Farmer John has been informed of the location of a fugitive cow and wants to catch her immediately. He starts at a point N (0 ≤ N ≤ 100,000) on a number line and the cow is at a point K (0 ≤ K ≤ 100,000) on the same number line. Farmer John has two modes of transportation: walking and teleporting.

* Walking: FJ can move from any point X to the points X - 1 or X + 1 in a single minute
* Teleporting: FJ can move from any point X to the point 2 × X in a single minute.

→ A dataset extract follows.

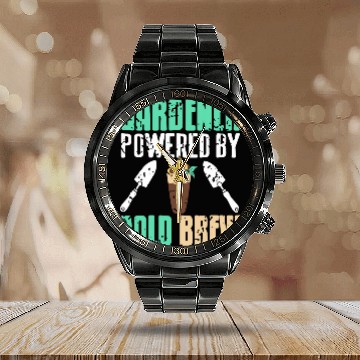 Discover Gardener Powered By Cold Brew Cool vintages Present Gift Baseball Tees Calendar Steel Band Watch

If the cow, unaware of its pursuit, does not move at all, how long does it take for Farmer John to retrieve it?

Input

Line 1: Two space-separated integers: N and K

Output

Line 1: The least amount of time, in minutes, it takes for Farmer John to catch the fugitive cow.

Sample Input

5 17

Sample Output

4

Hint

The fastest way for Farmer John to reach the fugitive cow is to move along the following path: 5-10-9-18-17, which takes 4 minutes.       

#include<cstdio>
#include<iostream>
#include<cstring>
#include<queue>
using namespace std;
#define MAX 100000
int k;
int book[MAX+100];
struct node
{
	int x;
	int step;
};
int cccc(int x)  
{  
    if(x>=0&&x<=MAX&&book[1]==0)  
    return 1;  
    return 0;    
    
    
    if(x<0||x>MAX||book[1])  
    return 0;  
    return 1;     //为什么或才是对的？？？？？ 
}  
int bfs(int n)
{
  queue<node> si;
  node now,next;
  now.x=n;
  now.step=0;
  book[n]=1;
  si.push(now);
  while(!si.empty())
  {
  	now=si.front();
  	si.pop();
  	if(now.x==k)
  	return now.step;
  	next.x=now.x+1;
  	if(cccc(next.x))
  	{  
  		next.step=now.step+1;
  		book[next.x]=1;
  		si.push(next);
  	}
  	next.x=now.x*2;
  		if(cccc(next.x))
  	{  
  		next.step=now.step+1;
  		book[next.x]=1;
  		si.push(next);
  	}
  	next.x=now.x-1;
  		if(cccc(next.x))
  	{  
  		next.step=now.step+1;
  		book[next.x]=1;
  		si.push(next);
  	}
  } 
}
int main()
{
	int n;
	int res;
	memset(book,0,sizeof(book));
    scanf("%d%d",&n,&k);
	res=bfs(n);
	printf("%d\n",res);
	return 0;
}